Sandvik’s 14C28N is essentially an upgraded version of 12C27: It has a higher Chromium content (14%), more carbon (0.62%), and the inclusion of Phosphorous (0.025%) and Nitrogen (0.11%). Like 12C27, 14C28N also retains some Sulfur (0.01%), more Manganese (0.6%), and slightly less Silicon (0.2%).

Thanks to its higher carbon and carbide content, 14C28N can achieve higher hardness ratings when heat-treated (up to 62 HRC) with average hardness ratings of 58 to 60 HRC compared to 12C27’s 57 to 59 HRC. 14C28N will typically provide better sharpness and edge retention than 12C27, without sacrificing strength and resiliency.

12C27 vs 154CM

Folks like to compare 12C27 to 154CM, but I don’t think they’re so comparable: The latter has nearly twice as much carbon (1.05%), often more Chromium (14%) and 0.4% Vanadium. Its higher carbon content and greater carbide formation mean 154CM will provide a harder, sharper edge that sacrifices some toughness and resiliency. A 154CM blade can easily be hardened up to 58 to 62 HRC, with an average of 60 HRC.

Where 12C27 can perform as well in a fixed blade made for heavy striking and abuse, 154CM is an alloy intended for sharper, more delicate cuts in a smaller blade that yields greater edge retention. Think of kitchen cutlery, EDC knives, and smaller folding knives.

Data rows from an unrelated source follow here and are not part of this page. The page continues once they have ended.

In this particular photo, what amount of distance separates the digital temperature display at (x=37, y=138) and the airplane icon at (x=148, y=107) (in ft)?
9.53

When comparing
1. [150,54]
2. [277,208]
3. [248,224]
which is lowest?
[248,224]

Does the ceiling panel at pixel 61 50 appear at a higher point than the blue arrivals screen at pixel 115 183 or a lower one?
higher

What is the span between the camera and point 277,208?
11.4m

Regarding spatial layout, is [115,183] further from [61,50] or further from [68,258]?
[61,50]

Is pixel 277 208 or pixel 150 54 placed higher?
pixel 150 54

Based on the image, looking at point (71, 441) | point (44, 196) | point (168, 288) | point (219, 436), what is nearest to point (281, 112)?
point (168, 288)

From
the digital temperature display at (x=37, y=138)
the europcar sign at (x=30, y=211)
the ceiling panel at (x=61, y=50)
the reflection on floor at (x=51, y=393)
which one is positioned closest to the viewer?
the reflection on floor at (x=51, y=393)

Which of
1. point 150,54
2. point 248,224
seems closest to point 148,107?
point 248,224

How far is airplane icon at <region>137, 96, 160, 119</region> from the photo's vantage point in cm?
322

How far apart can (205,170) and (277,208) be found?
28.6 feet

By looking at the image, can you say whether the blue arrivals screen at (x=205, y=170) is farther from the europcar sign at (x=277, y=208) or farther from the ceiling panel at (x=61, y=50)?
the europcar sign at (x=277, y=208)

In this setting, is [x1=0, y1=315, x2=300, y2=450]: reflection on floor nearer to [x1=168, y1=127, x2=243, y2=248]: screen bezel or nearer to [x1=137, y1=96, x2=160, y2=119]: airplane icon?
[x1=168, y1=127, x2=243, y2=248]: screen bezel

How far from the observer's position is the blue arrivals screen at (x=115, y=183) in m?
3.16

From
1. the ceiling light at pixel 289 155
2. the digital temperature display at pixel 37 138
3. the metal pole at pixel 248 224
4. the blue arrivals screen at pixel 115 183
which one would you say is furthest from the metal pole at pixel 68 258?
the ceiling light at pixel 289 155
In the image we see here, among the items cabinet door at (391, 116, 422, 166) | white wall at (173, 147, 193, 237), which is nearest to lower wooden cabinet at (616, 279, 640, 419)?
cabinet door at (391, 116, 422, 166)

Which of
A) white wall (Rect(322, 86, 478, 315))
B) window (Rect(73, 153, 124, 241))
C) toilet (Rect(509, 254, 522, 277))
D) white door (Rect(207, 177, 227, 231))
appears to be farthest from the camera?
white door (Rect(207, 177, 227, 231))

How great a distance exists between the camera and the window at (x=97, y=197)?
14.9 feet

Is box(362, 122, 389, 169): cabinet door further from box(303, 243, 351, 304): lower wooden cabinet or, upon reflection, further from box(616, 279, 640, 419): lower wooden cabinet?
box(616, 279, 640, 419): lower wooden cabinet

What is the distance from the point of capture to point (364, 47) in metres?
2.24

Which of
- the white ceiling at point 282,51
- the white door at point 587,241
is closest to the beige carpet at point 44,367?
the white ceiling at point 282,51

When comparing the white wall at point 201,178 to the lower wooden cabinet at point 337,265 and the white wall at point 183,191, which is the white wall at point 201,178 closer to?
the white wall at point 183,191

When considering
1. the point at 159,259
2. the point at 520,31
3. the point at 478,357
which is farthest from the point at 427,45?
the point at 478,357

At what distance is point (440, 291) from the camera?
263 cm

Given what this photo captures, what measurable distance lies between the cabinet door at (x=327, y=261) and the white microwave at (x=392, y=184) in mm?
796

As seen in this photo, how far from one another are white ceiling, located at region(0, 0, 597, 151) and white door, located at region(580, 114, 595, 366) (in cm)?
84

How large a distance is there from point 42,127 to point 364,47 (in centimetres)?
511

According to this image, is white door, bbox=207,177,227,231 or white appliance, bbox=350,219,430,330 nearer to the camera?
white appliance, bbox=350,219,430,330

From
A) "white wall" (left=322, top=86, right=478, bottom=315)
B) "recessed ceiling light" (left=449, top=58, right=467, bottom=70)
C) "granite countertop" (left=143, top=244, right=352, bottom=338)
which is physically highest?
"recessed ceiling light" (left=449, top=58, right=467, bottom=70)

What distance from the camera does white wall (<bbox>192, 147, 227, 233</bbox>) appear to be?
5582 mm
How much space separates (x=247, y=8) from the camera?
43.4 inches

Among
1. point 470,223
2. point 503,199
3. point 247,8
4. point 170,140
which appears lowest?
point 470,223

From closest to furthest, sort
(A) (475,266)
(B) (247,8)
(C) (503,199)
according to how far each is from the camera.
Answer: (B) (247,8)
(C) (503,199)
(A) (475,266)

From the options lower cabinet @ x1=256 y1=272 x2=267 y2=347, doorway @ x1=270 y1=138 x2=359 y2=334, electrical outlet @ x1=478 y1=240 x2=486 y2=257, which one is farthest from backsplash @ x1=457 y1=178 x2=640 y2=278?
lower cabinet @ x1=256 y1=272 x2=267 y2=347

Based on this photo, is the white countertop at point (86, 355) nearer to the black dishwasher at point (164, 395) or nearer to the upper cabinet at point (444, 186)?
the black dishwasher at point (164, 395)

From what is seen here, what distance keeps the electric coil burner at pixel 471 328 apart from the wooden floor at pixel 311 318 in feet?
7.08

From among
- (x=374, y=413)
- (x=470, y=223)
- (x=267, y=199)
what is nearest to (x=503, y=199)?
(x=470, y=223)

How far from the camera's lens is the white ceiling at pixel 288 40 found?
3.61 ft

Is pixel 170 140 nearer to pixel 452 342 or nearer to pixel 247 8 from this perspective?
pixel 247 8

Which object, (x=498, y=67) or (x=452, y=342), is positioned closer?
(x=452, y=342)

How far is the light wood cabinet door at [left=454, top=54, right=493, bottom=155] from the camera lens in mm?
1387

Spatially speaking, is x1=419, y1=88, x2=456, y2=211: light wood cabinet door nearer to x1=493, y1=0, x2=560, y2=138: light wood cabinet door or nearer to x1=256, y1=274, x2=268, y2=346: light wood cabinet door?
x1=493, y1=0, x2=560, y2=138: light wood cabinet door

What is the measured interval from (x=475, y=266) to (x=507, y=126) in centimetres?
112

Who’s 12C27 For? Knife Recommendations

Like I mentioned, any 12C27 blade will be capable of functioning in a larger tactical knife or fixed blade. Sandvik designed this alloy for repeat use and abuse, with a focus on value and strength. That’s not to say you can’t hone a razor’s edge on a 12C27 blade, though — this alloy was originally made by Sandvik for use in straight razors, before they introduced 14C28N. That makes it well suited for EDC pocket knives and fishing knives without breaking your budget.

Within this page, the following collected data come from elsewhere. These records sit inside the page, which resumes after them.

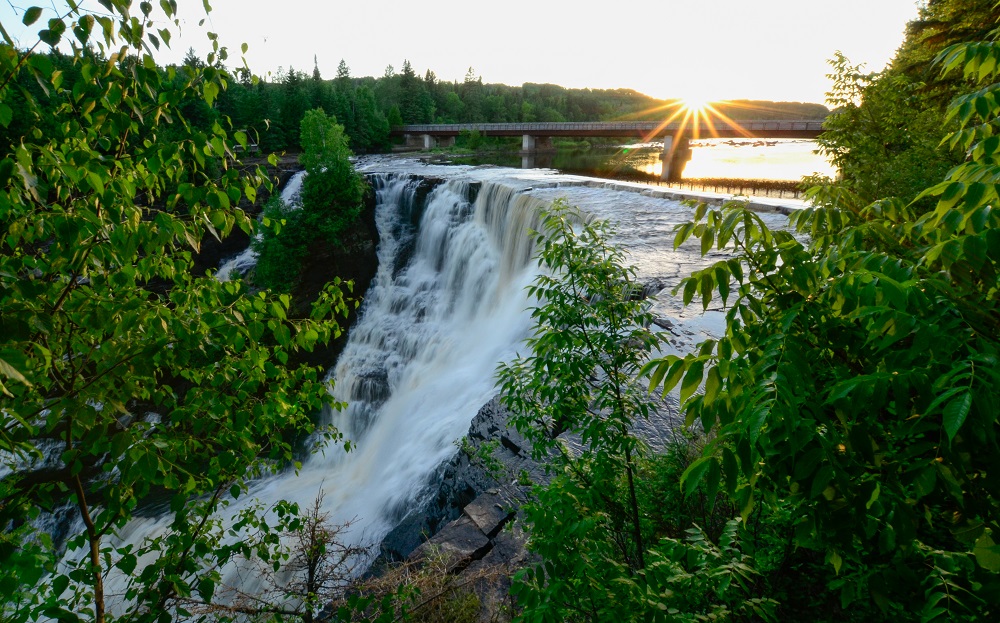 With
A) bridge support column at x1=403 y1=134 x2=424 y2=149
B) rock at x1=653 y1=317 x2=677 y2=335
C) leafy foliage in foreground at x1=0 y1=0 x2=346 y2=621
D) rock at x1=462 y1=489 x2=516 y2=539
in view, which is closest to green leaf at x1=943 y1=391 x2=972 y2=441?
leafy foliage in foreground at x1=0 y1=0 x2=346 y2=621

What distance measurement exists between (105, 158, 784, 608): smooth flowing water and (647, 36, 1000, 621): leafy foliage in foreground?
3.26m

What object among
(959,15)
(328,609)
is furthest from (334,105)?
(328,609)

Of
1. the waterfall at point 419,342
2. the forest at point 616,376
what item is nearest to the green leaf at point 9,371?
the forest at point 616,376

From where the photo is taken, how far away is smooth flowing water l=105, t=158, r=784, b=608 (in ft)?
31.8

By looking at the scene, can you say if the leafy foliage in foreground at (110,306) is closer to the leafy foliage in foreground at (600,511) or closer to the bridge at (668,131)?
the leafy foliage in foreground at (600,511)

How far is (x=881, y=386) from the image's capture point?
1471 mm

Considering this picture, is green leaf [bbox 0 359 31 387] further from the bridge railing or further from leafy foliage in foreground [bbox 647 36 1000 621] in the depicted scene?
the bridge railing

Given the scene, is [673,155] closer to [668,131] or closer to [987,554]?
[668,131]

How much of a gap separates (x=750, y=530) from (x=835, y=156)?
896 cm

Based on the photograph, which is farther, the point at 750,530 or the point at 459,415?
the point at 459,415

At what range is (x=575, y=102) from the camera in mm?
131500

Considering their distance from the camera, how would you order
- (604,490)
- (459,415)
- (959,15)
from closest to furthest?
(604,490)
(459,415)
(959,15)

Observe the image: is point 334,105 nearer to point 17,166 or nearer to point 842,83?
point 842,83

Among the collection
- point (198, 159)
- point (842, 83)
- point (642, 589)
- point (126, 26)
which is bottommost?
point (642, 589)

Bear & Son 12″ Gold Rush Bowie

I enjoy my Bear & Sons Bowie quite a lot. It’s a beautiful clip point blade inspired by the O.G. Bowie knife, and its gold guard and Cocobola handle fitted with brass pins looks classy as Hell. It holds a good edge in the backcountry, where thick rope and firewood often need cutting and batoning.

Morakniv Kansbol Fixed Blade

Morakniv, a Swedish knife company, relies on this steel to make their highly regarded Kansbol Fixed Blade. It’s a sweet little tactical knife measuring about 9″. It sports a rubberized polymer handle and durable Scandi grind on its 12C27 blade.

CKRT “Ken Onion” Stylus Pen Knife

This slick pen knife is one of the nicest EDC blades I’ve come across in awhile, and it’s priced well at $70. A subtle flat grind and drop point make up the spring-assisted 12C27 flipper blade. A spiny aluminum handle with a sweet, Salmon-colored anodized finish and polished stainless belt clip provide grip and stowage. Knife maker Ken Onion was inducted into the Blade Magazine Hall of Fame back in 2008 — he’s the youngest ever inductee — so it’s little surprise his budget-friendly Stylus pocket knife looks so damn good.

(I can’t recommend the CJRB Ria)

In my review of the CJRB Ria, I point out why I just don’t think it’s worth the $35 to $55 price range. Its 12C27 blade was apparently not heat-treated or ground properly, as it performed relatively poorly during testing. It still makes a decent box cutter and around-the-house knife that I occasionally grab from the kitchen junk drawer, but there’s a better options (see above) if you want a small 12C27-bladed folder with some style.